What makes Akamai sticky?
There’s one thing in particular that tends to make Akamai customers “sticky” — the amount the customer uses professional services. The more professional services a customer consumes from Akamai, the less likely it is they’ll ever switch CDNs. In short: The more of a pain it’s been for them to integrate with Akamai’s CDN (usually due to the customer having a complex site that violates best practices related to content cacheability), and the more they have to use recurring professional services every time they update their site, the less likely it is that they’re going to move to another CDN. That’s for two reasons — one, because it’s difficult and expensive to do the up-front work to get the site onto another CDN, and two, because most other CDNs don’t like to do extensive professional services on a recurring basis. That makes the use of professional services a double-edged sword, since it’s not really a business with great margins, and you’re vulnerable if the customer eventually goes and builds a site that isn’t a great big hairy mess.

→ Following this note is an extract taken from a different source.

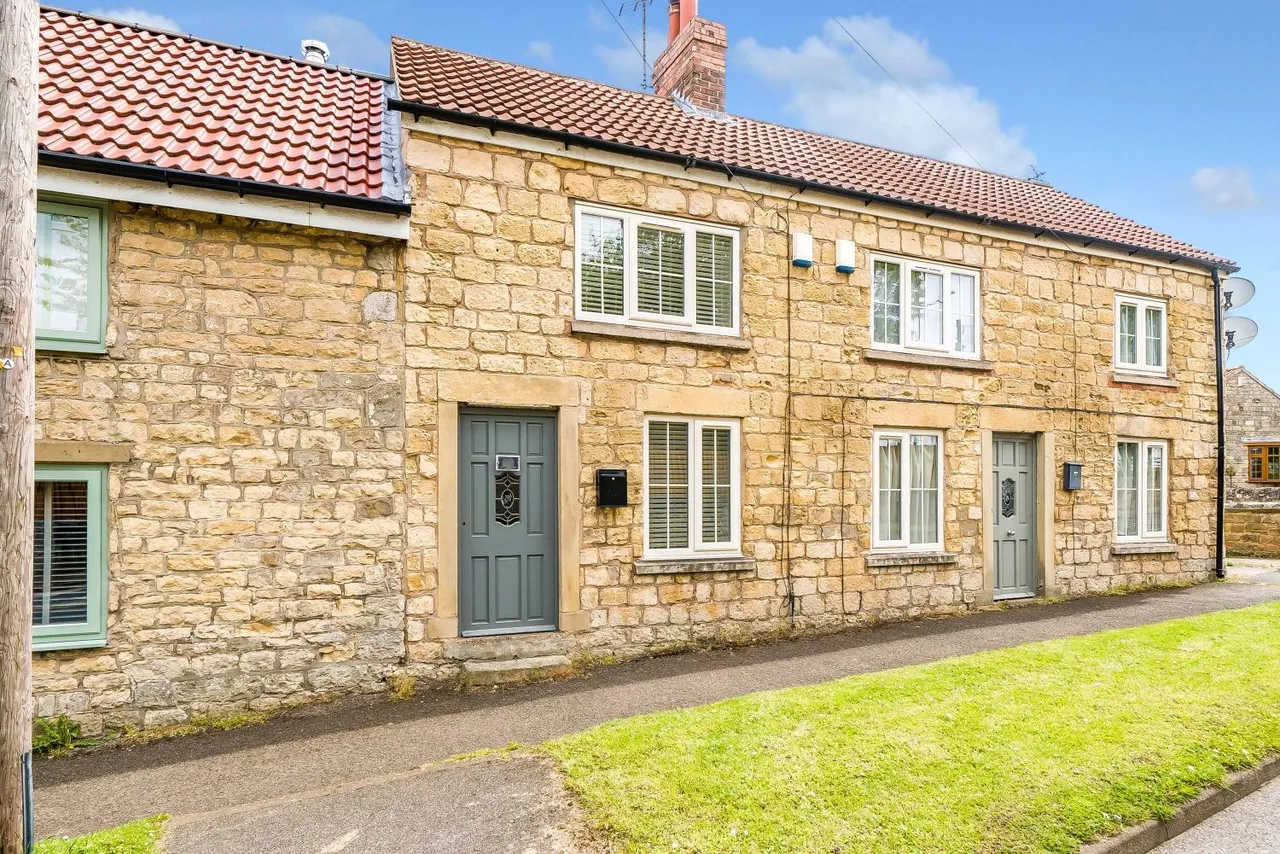 St. Johns Road, Laughton, S25, photo 3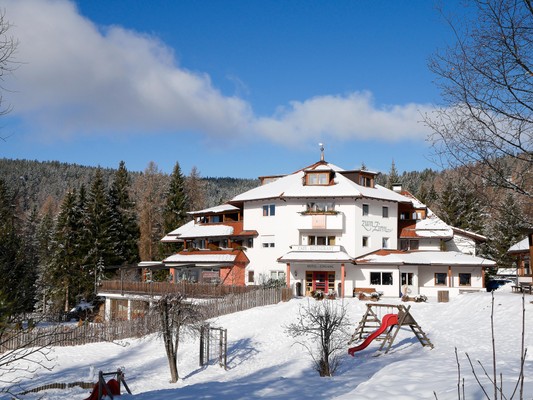 Foto esterno Hotel Zum Zirm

But there’s one Akamai product (delivered as a value-added additional service) that’s currently sufficiently compelling that customers and prospects who want it, won’t consider any other CDN that can’t offer the same. (And since it’s currently unique to Akamai, that means no competition, always a boon in a market where pricing is daily warfare.) I’m suddenly seeing it frequently quoted, which makes it likely that it’s a significant sales push, though it’s not a brand-new product. It’s a very effective attach.
Can you guess what it is?
(You may feel free to speculate on my blog, but if you want the answer, and you’re a Gartner client, make an inquiry request through the usual means.)
Posted on August 23, 2011, in Infrastructure and tagged AKAM, CDN. Bookmark the permalink. 3 Comments.
Is this meant to be a PR blog post for Akamai?
Not in the least. Given that Akamai’s having tremendous problems being sufficiently sticky in the last year or so, I thought this would be an interesting thing to note on my blog, though.
To me, it would be their API for data analysis and management. But maybe others are getting up to speed on that.